**Aim of the exercise:** Beginning with the first line, please return the entries exactly through the line that contains "So why would", and leave out all later lines.

**Provided records:**
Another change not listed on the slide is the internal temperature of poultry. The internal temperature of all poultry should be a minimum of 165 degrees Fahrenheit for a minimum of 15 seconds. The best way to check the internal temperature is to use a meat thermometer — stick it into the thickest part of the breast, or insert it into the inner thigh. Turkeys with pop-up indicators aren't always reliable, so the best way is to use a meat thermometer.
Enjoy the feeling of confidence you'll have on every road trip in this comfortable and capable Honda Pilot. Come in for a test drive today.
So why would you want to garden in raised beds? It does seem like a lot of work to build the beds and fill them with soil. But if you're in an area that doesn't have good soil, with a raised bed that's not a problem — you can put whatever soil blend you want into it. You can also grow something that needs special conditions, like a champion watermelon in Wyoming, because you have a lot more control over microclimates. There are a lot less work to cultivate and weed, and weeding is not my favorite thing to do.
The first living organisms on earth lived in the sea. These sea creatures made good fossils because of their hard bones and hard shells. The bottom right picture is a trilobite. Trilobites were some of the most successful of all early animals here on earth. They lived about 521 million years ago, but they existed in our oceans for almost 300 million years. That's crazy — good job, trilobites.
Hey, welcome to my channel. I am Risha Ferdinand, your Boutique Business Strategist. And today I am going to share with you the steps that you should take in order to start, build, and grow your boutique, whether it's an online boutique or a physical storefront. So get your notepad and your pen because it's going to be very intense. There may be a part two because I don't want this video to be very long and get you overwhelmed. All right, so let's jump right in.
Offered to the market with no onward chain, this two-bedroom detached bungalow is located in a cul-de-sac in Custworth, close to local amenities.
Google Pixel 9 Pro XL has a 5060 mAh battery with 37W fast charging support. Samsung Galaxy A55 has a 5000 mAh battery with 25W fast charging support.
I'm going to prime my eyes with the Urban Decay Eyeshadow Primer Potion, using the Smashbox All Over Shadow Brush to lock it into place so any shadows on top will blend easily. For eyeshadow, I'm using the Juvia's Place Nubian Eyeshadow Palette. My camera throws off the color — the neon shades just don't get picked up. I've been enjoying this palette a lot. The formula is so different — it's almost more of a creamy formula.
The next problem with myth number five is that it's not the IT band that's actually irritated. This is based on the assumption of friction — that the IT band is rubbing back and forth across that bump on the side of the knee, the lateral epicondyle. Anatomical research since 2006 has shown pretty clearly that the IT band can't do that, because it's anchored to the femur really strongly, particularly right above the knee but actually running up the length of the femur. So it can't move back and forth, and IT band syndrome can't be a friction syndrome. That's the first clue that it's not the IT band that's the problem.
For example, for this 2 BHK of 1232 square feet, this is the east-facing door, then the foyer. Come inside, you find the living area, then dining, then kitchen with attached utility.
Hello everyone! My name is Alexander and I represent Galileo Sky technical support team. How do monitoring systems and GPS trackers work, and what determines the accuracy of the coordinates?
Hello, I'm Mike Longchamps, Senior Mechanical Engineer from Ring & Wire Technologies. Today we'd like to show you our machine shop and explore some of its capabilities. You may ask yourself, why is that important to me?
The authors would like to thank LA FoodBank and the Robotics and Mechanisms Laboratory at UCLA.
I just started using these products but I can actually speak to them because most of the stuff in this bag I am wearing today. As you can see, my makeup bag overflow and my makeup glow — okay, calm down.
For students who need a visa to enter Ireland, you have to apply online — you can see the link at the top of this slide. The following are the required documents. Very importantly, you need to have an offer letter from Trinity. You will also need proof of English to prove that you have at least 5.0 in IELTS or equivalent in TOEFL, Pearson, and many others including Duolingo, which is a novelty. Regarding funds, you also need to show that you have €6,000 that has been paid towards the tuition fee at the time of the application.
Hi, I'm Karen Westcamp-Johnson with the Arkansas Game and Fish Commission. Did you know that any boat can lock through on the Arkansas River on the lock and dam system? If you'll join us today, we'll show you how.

**Answer to the problem:**
Another change not listed on the slide is the internal temperature of poultry. The internal temperature of all poultry should be a minimum of 165 degrees Fahrenheit for a minimum of 15 seconds. The best way to check the internal temperature is to use a meat thermometer — stick it into the thickest part of the breast, or insert it into the inner thigh. Turkeys with pop-up indicators aren't always reliable, so the best way is to use a meat thermometer.
Enjoy the feeling of confidence you'll have on every road trip in this comfortable and capable Honda Pilot. Come in for a test drive today.
So why would you want to garden in raised beds? It does seem like a lot of work to build the beds and fill them with soil. But if you're in an area that doesn't have good soil, with a raised bed that's not a problem — you can put whatever soil blend you want into it. You can also grow something that needs special conditions, like a champion watermelon in Wyoming, because you have a lot more control over microclimates. There are a lot less work to cultivate and weed, and weeding is not my favorite thing to do.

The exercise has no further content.